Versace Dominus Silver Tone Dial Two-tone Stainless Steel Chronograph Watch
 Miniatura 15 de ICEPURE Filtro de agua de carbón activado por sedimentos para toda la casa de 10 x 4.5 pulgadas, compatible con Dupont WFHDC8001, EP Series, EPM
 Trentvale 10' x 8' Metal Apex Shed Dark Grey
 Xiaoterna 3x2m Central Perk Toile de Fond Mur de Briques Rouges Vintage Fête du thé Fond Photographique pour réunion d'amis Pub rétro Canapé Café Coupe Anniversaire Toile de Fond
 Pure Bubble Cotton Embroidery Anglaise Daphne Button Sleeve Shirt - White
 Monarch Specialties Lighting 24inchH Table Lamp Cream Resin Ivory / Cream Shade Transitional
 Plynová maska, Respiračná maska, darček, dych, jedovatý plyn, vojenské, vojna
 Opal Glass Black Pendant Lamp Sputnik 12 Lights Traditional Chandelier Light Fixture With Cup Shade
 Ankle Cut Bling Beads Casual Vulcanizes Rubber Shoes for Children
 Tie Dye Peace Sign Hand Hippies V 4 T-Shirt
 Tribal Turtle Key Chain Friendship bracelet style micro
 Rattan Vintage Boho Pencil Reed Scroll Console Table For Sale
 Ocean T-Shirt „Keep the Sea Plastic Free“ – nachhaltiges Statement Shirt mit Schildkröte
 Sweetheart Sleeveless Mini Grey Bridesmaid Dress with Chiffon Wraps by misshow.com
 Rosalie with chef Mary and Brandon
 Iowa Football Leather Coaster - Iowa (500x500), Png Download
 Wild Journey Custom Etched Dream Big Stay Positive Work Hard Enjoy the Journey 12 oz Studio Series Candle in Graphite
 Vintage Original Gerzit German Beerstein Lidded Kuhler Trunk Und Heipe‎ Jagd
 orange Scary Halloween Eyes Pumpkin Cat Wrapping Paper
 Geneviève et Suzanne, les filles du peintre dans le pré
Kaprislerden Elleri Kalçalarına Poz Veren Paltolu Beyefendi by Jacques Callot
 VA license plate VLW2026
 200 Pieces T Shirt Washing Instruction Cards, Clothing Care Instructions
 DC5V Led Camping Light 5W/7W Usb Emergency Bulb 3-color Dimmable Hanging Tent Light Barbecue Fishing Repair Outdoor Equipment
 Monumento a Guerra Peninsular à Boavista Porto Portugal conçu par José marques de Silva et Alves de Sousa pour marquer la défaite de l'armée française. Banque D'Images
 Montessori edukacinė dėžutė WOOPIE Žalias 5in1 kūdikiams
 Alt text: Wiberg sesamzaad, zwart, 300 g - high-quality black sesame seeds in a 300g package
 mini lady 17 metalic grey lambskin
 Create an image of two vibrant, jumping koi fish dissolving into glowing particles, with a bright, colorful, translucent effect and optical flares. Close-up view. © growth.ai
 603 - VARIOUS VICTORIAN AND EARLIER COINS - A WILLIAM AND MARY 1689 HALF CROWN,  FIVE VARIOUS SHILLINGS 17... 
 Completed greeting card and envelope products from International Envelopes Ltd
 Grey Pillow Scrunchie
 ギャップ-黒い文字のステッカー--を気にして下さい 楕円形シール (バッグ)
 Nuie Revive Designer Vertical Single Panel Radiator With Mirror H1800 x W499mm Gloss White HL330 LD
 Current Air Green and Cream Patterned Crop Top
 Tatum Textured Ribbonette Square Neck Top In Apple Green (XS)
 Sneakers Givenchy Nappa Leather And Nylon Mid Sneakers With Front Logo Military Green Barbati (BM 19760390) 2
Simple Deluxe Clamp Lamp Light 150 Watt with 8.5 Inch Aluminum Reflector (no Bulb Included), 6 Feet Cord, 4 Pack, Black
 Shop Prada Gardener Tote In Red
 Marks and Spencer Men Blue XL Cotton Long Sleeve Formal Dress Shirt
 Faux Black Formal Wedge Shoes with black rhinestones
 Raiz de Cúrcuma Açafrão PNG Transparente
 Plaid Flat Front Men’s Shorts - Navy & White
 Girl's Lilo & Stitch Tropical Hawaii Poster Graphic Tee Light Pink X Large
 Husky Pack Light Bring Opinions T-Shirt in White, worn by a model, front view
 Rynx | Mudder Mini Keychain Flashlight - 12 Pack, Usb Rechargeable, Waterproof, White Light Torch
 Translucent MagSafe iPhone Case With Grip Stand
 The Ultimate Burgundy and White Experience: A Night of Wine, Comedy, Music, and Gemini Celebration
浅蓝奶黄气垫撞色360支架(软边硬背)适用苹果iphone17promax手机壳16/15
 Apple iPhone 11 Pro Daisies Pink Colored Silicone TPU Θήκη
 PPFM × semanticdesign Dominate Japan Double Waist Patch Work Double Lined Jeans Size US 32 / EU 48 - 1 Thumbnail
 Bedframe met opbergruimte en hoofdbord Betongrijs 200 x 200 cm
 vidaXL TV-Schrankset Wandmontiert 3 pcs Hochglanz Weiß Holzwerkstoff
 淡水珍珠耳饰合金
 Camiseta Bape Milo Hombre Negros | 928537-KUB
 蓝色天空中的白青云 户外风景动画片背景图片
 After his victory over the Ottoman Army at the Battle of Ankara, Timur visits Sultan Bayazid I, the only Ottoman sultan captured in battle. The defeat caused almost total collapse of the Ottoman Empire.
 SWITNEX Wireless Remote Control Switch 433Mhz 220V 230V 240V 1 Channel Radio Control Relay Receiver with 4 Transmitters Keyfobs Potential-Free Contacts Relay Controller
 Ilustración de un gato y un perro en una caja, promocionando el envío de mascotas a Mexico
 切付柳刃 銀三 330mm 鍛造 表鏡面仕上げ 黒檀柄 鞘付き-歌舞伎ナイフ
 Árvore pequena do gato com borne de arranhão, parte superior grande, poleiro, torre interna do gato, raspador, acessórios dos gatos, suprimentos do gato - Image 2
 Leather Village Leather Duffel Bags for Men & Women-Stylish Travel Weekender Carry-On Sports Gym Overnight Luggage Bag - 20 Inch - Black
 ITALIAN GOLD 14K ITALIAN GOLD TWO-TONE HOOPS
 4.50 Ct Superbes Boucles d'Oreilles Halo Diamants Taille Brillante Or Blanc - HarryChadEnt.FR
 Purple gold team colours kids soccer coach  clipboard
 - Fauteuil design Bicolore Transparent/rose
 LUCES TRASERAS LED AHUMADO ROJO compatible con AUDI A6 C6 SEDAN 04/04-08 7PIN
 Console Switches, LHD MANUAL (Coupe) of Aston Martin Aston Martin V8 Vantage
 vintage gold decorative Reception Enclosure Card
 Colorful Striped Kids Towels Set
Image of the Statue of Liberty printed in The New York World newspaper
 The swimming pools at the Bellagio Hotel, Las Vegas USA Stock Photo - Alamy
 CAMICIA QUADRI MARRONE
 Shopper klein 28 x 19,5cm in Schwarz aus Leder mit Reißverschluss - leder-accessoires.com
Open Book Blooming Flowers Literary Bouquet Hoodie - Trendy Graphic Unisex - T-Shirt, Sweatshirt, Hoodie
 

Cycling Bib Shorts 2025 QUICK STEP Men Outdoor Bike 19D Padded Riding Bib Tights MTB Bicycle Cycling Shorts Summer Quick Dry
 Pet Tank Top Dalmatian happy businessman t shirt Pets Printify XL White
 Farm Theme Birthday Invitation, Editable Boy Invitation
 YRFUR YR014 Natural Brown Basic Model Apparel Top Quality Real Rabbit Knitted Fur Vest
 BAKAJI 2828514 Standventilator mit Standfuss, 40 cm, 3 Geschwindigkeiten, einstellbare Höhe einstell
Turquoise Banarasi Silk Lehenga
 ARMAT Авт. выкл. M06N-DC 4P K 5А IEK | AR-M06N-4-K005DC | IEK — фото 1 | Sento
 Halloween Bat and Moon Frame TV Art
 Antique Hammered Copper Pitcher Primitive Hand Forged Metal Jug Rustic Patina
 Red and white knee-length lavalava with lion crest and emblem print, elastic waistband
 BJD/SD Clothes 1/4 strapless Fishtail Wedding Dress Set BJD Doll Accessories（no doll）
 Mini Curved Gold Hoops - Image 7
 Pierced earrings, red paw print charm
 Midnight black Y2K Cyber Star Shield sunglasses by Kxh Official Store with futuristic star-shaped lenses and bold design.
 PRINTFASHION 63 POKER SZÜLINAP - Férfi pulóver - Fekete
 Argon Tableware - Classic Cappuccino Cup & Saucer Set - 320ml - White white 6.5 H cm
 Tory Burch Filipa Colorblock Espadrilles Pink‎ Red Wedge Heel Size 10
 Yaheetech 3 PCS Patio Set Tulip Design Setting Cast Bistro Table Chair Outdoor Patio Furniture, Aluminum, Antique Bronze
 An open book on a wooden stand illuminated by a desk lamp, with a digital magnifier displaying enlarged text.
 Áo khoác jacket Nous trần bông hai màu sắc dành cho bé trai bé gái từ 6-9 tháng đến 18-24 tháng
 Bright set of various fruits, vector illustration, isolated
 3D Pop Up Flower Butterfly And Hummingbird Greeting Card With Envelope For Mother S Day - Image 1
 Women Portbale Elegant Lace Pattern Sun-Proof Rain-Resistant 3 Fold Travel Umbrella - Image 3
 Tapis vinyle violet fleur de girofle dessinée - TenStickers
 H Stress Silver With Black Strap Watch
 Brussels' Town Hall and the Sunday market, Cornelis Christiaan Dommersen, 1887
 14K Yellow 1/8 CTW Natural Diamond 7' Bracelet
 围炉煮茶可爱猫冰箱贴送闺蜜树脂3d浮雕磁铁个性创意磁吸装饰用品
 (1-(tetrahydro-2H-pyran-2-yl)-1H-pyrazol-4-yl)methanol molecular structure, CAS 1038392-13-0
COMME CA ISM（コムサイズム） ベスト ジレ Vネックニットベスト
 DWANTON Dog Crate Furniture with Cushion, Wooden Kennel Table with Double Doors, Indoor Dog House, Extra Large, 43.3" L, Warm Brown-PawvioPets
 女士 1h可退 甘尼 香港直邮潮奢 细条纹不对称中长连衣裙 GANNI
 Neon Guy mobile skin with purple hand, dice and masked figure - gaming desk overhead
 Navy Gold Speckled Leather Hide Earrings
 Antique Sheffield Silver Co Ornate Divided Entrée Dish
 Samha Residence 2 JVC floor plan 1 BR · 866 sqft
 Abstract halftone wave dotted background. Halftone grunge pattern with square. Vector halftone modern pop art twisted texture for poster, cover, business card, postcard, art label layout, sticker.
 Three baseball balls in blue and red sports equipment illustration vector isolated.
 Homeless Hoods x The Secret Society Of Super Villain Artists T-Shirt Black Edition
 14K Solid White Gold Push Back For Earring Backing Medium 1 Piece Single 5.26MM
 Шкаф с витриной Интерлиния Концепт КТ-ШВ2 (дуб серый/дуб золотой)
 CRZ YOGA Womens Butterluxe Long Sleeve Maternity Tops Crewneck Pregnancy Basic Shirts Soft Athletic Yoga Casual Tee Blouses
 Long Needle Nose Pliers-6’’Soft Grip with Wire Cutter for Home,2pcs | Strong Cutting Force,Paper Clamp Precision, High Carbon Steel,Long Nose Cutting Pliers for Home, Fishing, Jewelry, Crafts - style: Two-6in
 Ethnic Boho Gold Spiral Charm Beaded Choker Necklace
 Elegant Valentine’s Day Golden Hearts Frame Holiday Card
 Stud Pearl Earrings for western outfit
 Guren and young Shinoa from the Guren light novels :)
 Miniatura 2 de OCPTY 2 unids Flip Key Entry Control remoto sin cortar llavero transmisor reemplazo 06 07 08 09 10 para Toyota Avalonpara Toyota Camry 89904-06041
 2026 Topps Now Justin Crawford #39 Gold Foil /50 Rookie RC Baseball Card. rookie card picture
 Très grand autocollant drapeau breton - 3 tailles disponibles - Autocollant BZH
━━━━━━━━━━━━━━━━━━━━
Your goal: Nothing but the lines with "Cotton" should be returned, copied from the entries above.

Solution for this problem:
 Pure Bubble Cotton Embroidery Anglaise Daphne Button Sleeve Shirt - White
 Marks and Spencer Men Blue XL Cotton Long Sleeve Formal Dress Shirt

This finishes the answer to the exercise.